TASK STATEMENT –
Starting from the line with "The first thing" and going up to and including the line with "But that's not", copy the listing below exactly. Leave all images out.

TASK MATERIAL –
────────────────────

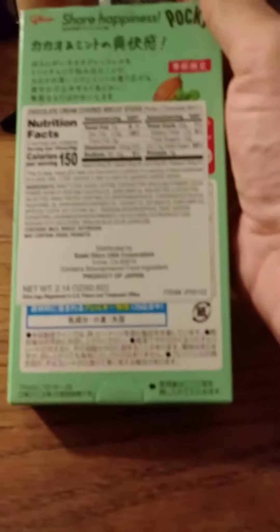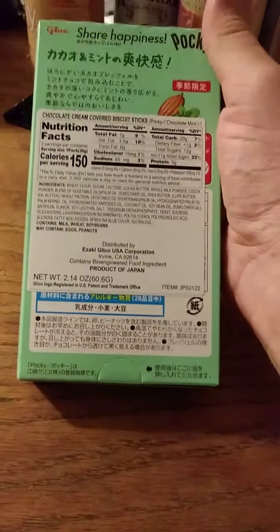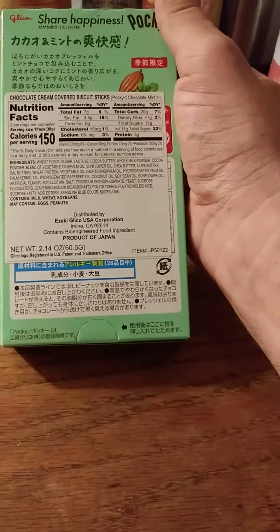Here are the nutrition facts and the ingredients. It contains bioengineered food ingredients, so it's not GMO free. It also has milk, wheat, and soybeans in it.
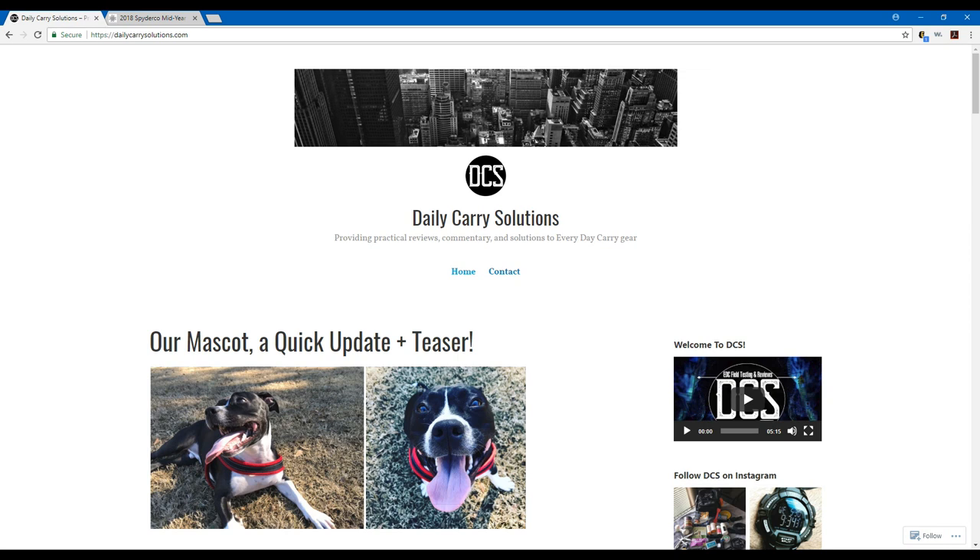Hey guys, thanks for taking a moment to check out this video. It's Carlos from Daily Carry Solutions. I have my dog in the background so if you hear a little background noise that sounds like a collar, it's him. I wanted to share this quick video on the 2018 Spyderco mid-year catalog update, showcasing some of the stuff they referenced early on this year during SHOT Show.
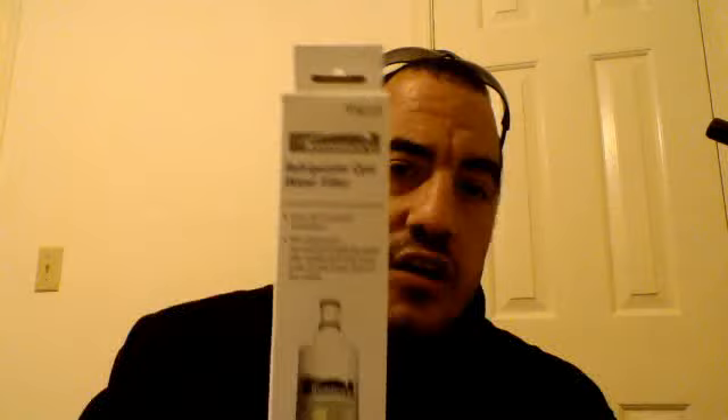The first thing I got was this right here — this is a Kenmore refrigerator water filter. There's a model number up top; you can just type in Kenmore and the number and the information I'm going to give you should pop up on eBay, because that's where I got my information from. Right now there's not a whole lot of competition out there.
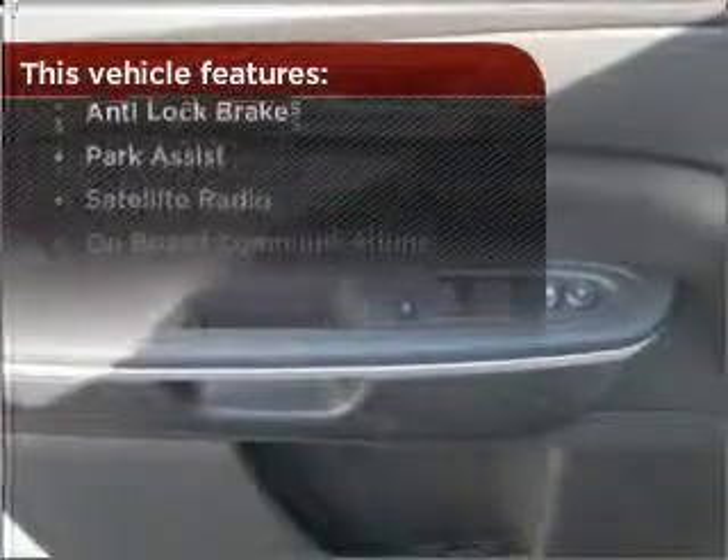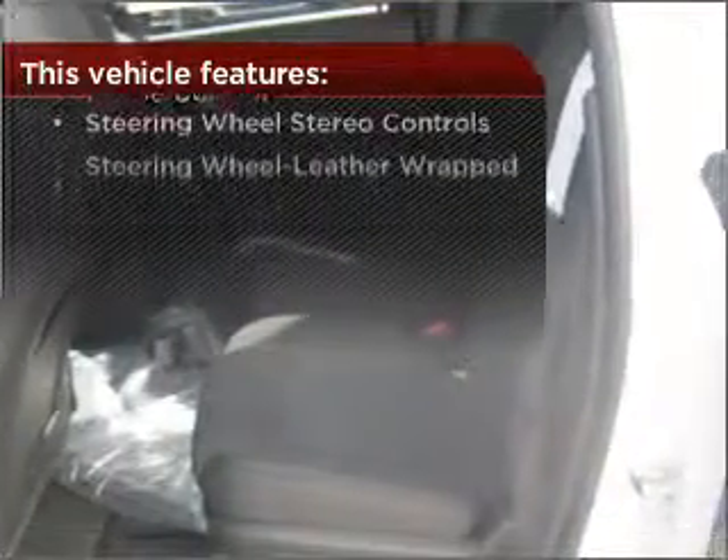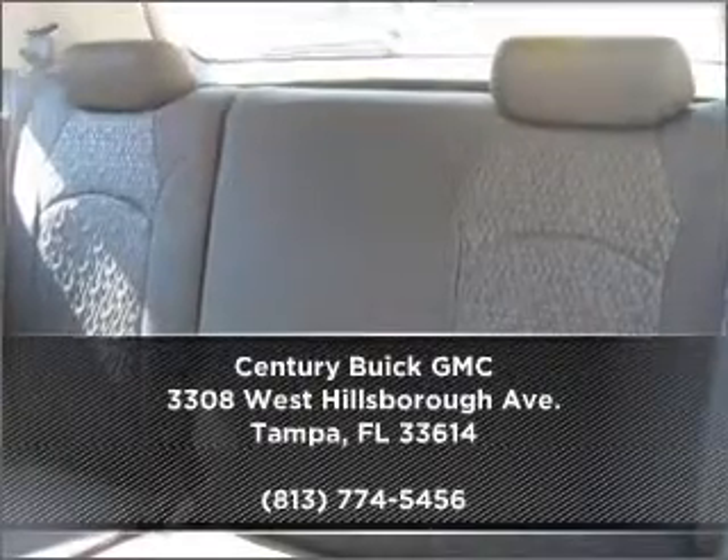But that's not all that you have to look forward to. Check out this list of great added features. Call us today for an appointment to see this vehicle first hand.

────────────────────

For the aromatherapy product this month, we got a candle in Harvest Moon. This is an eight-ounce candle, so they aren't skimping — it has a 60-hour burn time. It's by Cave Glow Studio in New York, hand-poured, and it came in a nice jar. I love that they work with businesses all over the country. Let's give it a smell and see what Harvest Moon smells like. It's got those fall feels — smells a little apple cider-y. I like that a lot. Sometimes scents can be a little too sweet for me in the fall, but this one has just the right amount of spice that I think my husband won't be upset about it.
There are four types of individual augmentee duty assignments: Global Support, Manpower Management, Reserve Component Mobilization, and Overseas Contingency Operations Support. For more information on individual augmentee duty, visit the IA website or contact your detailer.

────────────────────

TASK SOLUTION –
The first thing I got was this right here — this is a Kenmore refrigerator water filter. There's a model number up top; you can just type in Kenmore and the number and the information I'm going to give you should pop up on eBay, because that's where I got my information from. Right now there's not a whole lot of competition out there.
But that's not all that you have to look forward to. Check out this list of great added features. Call us today for an appointment to see this vehicle first hand.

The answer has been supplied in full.